Кендалл изготовил копию за два с половиной года. В январе 1770 года Комиссия по долготе получила K-1 и вновь собрала комитет, изучавший H-4: кому, как не этим людям, было судить о сходстве оригинала и копии. Таким образом присутствовали Джон Мичел, Уильям Ладлэм, Томас Мадж, Уильям Мэтьюз и Джон Берд. Кендалл, по понятным причинам, в состав комитета не вошёл. Его место среди экспертов вполне логично занял Уильям Гаррисон. Все единодушно постановили, что K-1 в точности повторяет H-4 – только гравированных завитушек там, где Кендалл поставил свое имя, ещё больше.
Уильям Гаррисон, не скупясь на похвалы, объявил, что в некоторых отношениях хронометр Кендалла даже превосходит отцовский. Как же, наверное, он жалел о своих словах, когда члены комиссии постановили отправить в экспедицию Кука не H-4, а K-1!

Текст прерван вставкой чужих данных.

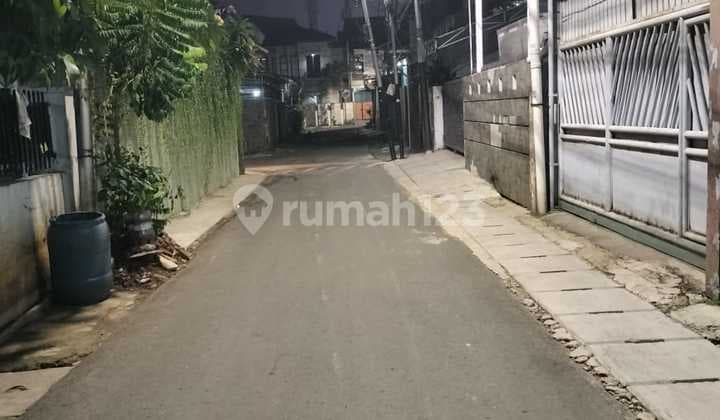 Tanah di Jl. Bambu Kuning No. 7, Pulo, Kebayoran Baru, Kota Jakarta Selatan, Dki Jakarta, Indonesia, 12160, Panglima Polim SHM 220.0 M²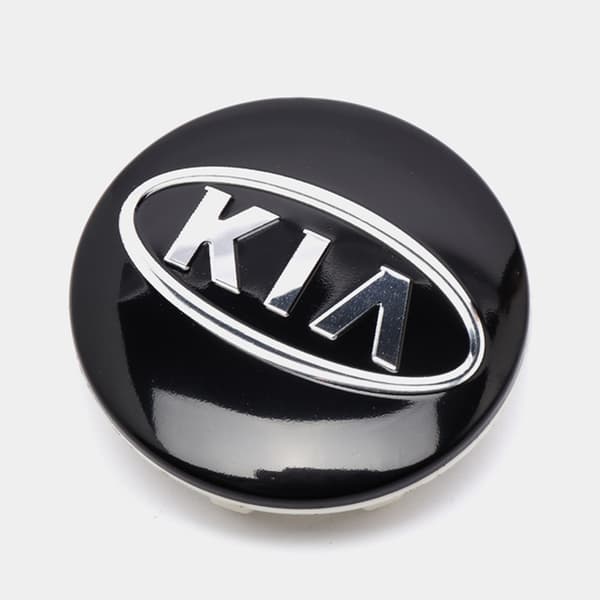 4-pak – Kia Centerkapsler / Hjulmærke – Bil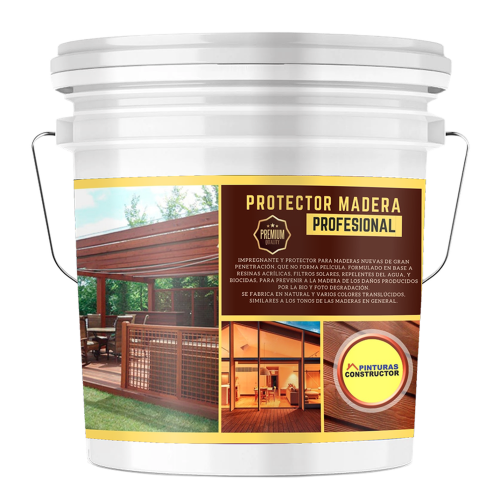 Protector de maderas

Впрочем, комиссия исходила не из того, какие часы лучше: ведь H-4 и K-1 рассматривались как идентичные близнецы. Просто она решила больше не отправлять H-4 в море. В итоге Кук взял в кругосветное плавание Кендаллову копию, а также три хронометра подешевле, изготовленные Джоном Арнольдом – часовщиком, решившим тоже попытать счастья на этом перспективном поприще.
Тем временем Гаррисон, несмотря на обиды, преклонный возраст, слабеющее зрение и приступы подагры, закончил первые из двух часов, требуемых от него комиссией. Этот хронометр, известный теперь как H-5, сохраняет всю внутреннюю сложность H-4, но внешне выглядит куда строже. Никаких завитушек на циферблате. Латунная звёздочка посередине кажется декоративным цветком с восемью лепестками; на самом деле это миниатюрная деталь, которая проходит через часовое стекло. Поворачивая её, можно установить стрелки, не снимая стекла, защищающего механизм от пыли.
Возможно, Гаррисон вкладывал в звёздочку и потаённый смысл. Положением и формой она напоминает розу ветров на картушке компаса, вызывая в памяти другой, более древний прибор, на который исстари полагались мореходы.
Латунная пластина с задней стороны механизма кажется пустой и голой в сравнении с затейливой вязью на такой же детали H-4. Видно, что H-5 создавал человек, умудрённый печальным опытом, исполняющий поневоле то, что когда-то делал с охотой и даже с радостью. И всё же пятый номер прекрасен в своей простоте. Сейчас он занимает почётное место в Музее гильдии часовщиков, в Лондонской ратуше: точно посередине комнаты, под стеклом, на вытертой подушке алого атласа.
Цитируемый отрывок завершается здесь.